Alain Touraine (French: [tuʁɛn]; born 3 August 1925) is a French sociologist. He is research director at the École des Hautes Études en Sciences Sociales, where he founded the Centre d'étude des mouvements sociaux. He is best known for being the originator of the term "post-industrial society".

Work

Touraine's work is based on a "sociology of action", which he called "actionalism",[1] and believes that society shapes its future through structural mechanisms and its own social struggles. Touraine defined historicity as the capability of a society to take action upon itself, see The Self-Production of Society (1977).

His prime interest for most of his career has been with social movements. He has studied and written extensively on workers' movements across the world, particularly in Latin America. In Poland where he observed and aided[citation needed] the emergence of Solidarnosc. While in Poland, he developed the research method of "Sociological Intervention," which had been outlined in "The Voice and the Eye" (La Voix et le Regard) [1981].

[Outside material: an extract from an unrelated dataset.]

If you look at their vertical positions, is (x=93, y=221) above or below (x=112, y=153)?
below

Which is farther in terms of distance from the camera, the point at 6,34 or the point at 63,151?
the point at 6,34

Touraine has gained popularity in Latin America as well as in continental Europe. He has failed to gain the same recognition in the English-speaking world, although half of his books have been translated into English. He participated in 1969 at the Universitas project[clarification needed] organized by Argentine architect Emilio Ambasz.

Honours

In 2010, he was jointly awarded, with Zygmunt Bauman, the Príncipe de Asturias Prize for Communication and the Humanities.[2] Touraine received the Légion d’Honneur in 2014 during his daughter Marisol’s mandate as French Minister of Social Affairs.[3]

Selected publications

  • Touraine, A. (1971). The Post-Industrial Society. Tomorrow's Social History: Classes, Conflicts and Culture in the Programmed Society. New York: Random House.
  • Touraine, A. (1977). The Self-Production of Society. Chicago: The University of Chicago Press.
  • Touraine, A. (1981). The Voice and the Eye: An Analysis of Social Movements. Cambridge: Cambridge University Press.
  • Dubet, F., A. Touraine and M. Wieviorka (1982). “A Social Movement: Solidarity”. Telos 53 (Fall 1982).
  • Touraine, A. (1995). Critique of Modernity. Oxford: Blackwell.
  • Touraine, A. (1999). "Chapter 9: Society Turns Back Upon Itself." The Blackwell Reader in Contemporary Social Theory. Ed. Anthony Elliott. New York: John Wiley & Sons, Incorporated, 1999.
  • Touraine, A. (2000). Can We Live Together?: Equality and Difference. Stanford, Calif.: Stanford University Press.
  • Touraine, A. (2006). Le Monde des Femmes. Paris: Fayard.
  • Touraine, A. (2007). New Paradigm for Understanding Today's World. Cambridge, Malden: Polity.
  • Touraine, A. (2009). Thinking Differently. Cambridge, Malden: Polity.

Notes

  1. ^ Volkmar Gessner, David Nelken, European Ways of Law: Towards a European Sociology of Law (2007), p. 166.